The underlying technology is based on Apache Pulsar, a publish/subscribe (PubSub) messaging that is often compared to the better-known Apache Kafka. And in fact, DataStax promises that the service will be compatible with Kafka via an existing wrapper; while not initially available during the beta, we expect that feature will go live with the production release.
Pulsar, like Kafka, follows a long in a long line of messaging technologies that date back to the mainframe era from Tibco and IBM and in the Internet era like JMS and RabbitMQ. Kafka is by far the better known on the block of the current generation, developed at LinkedIn while Pulsar came out of Yahoo, both being top-level Apache projects.
There are a number of similarities between Pulsar and Kafka; both were designed for scale-out, deliver long durability guarantees, support replication across geographies, have a wide range of operating utilities, and (for now) a mutual dependence on Apache Zookeeper for storing metadata.
But there are also important architectural differences between Pulsar and Kafka. Among the most basic differences is that Pulsar pushes messages to subscribers while Kafka requires subscribers to pull them down. And architecturally, Kafka is simpler; it combines message broker and message persistence in the same tier, while Pulsar divides them up. This leads to numerous debates and pretty fierce rivalries contending, which is the superior approach.
For instance, Pulsar backers claim the three-tier architecture (which also includes Zookeeper) is more flexible and scalable.

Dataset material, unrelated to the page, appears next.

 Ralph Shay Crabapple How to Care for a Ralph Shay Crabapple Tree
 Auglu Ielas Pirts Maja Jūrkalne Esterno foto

Message processing load balancing is automatic, and the separate persistence layer allows broker work to be redistributed and spread across more nodes without losing data. Kafka backers rebut that their approach results in a simpler architecture with half as many servers and is more economical. They are also planning to simplify the architecture further by removing Zookeeper, but this is still a work in progress.
There are further debates on which PubSub system replicates data more efficiently; stores data only once; supports exactly-once transactions; provides deeper support for message queueing; is simpler to configure, and delivers higher throughput. And there are even more debates over support of multitenancy, tiered storage, allowable message size. Prior to being acquired by DataStax, Kesque laid out its rationale for choosing Pulsar.
In all, this debate is very reminiscent of the debate over Spark Streaming vs Flink. Both attacked the same problem from mirror image approaches, and one emerged much sooner and drew wider (almost universal) industry support. Yet, in spite of Spark’s market head start and wide presence, Flink has thrived, one amongst many streaming alternatives to Spark’s microbatching. And in spite of Kafka’s ubiquitous presence in the market, Pulsar has drawn support from some household names such as Splunk, whose support came through its Streamlio acquisition.
DataStax’s unveiling of Astra Streaming is not exactly a surprise. The writing was on the wall when DataStax acquired Kesque back in January, which offered its own Luna Pulsar service. The difference with Astra Streaming is more than a rebranding. While customers had to manage Luna, Astra Streaming will be fully DataStax-managed.
Disclosure: DataStax is a dbInsight client.